First Important Paint - Developing a custom metric
Published: Sat Jun 10 2023Updated: Monday Nov 27 2023 | This article is also available in Japanese.
In May 2020, Google proposed a set of user-centric metrics that serve to describe a website’s performance. These are known as the Core Web Vitals (CWV) and include:
- Largest Contentful Paint (LCP): The time it takes to paint the largest element in the viewport.
- First Input Delay (FID): The delay in responding to the first user input. Soon to be replaced with Interaction to Next Paint (INP).
- Cumulative Layout Shift (CLS): A measure of how much the page content shifts.
The CWVs aim to simplify the many performance metrics available and allow you to prioritize the metrics that matter the most. This abstraction has worked very well. In the years following the CWV announcement, website owners and service providers have invested in web performance, improving the user experience for users all across the web.
As shown in the chart above extracted from cwvtech.report, the number of websites passing the CWV thresholds has increased from 22% to 40%.
The role of custom metrics
Custom metrics allow you to extend the set of measures already available in the browser with your own measures that might describe your website’s user experience better than the default metrics. For example, LCP assumes that the largest element is also the most important one. This may be true for some websites but not for others.
In the filmstrip above, the LCP element is the blue gradient background image as highlighted in the frame with the red border. While arguably, the most important element is the page title “Lorem” which is rendered in the next frame. This might be an exaggerated example, but the same problem exists if the important element is a grid or table, or if the background is a <video>
element with a poster
image.
Element Timing API
Similarly to LCP, the Element Timing API allows you to measure the time a DOM element is rendered on the page. However, unlike LCP, Element Timing allows the developer to choose which element (or elements) to measure. Element Timing is configured by adding the elementtiming
attribute to an element.
One limitation of Element Timing is that it is only supported in Chromium-based browsers. Additionally, it is only supported on a limited subset of elements.
User Timing API
The User Timing API is an API that allows you to set marks and measures at specific points in time. For example, this could be once an element is painted onto the page or once an important task has been executed.

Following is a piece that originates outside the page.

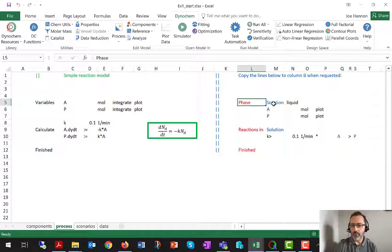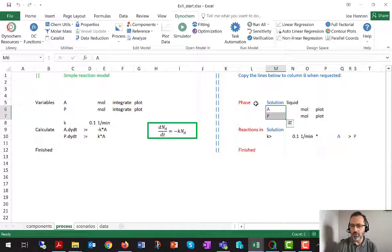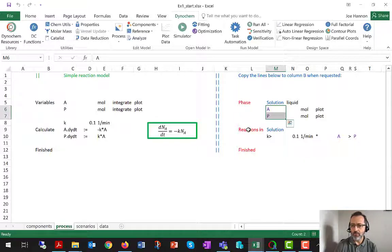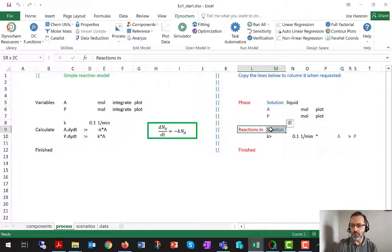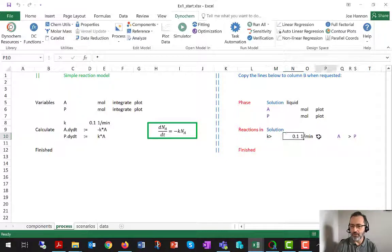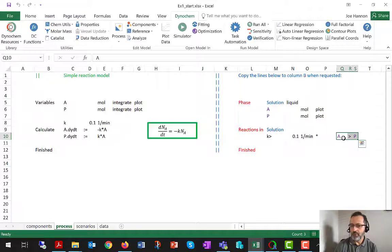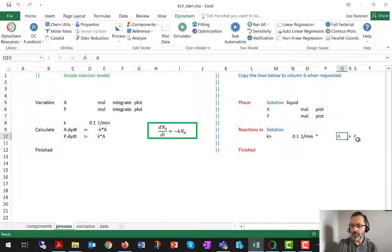It's got the phase statement. It's a liquid. It's got the two violet-colored components under the phase definition. It's got reactions in solution, the reaction statement. It's got the rate constant. It's got the asterisk to say here comes the chemical mechanism or the balanced equation, and it's got A goes to P.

// record the time before the task
performance.mark('doSomething:start');
await doSomething();
// record the time after the task has completed
performance.mark('doSomething:end');
// measure the difference between :start and :end
performance.measure('doSomething', 'doSomething:start', 'doSomething:end');
Real user metrics and lab tests
When developing a custom metric, the first question to ask is whether you want to measure this metric from real users on real devices or if it will only be collected from lab tests. Both types of measures can provide you with value, albeit slightly differently.
Real user metrics (RUM) give you a full spectrum of the user experience. Instead of a single score, you will have a range of values that reflect the different users and experiences. For example, users at the 90th percentile may have a terrible experience while the median user has a good one. Understanding the different factors that influence your metrics—for example, geographical location, browser, or device—will allow you to better optimize your website for your users. On the downside, implementing a RUM solution may be expensive or complex.
The screenshot above is taken from SpeedCurve and shows a distribution of different user experiences.
Lab tests run in a controlled environment. You might be able to configure several parameters, such as connection speed, device, and location from where the tests would run. The test result will be a report detailing the different metrics collected from your page.
Lab tests are highly effective at debugging issues. Running lab tests at regular intervals allows you to compare your page’s performance over time and identify regression. My favorite tool for running lab tests is the amazing WebPageTest.
Properties of a good metric
When presenting LCP in 2020, Paul Irish described a list of 8 properties that a good metric should observe—there is also a slight variation documented in the Chromium source code:
- Representative: Correlates with user experience and business value.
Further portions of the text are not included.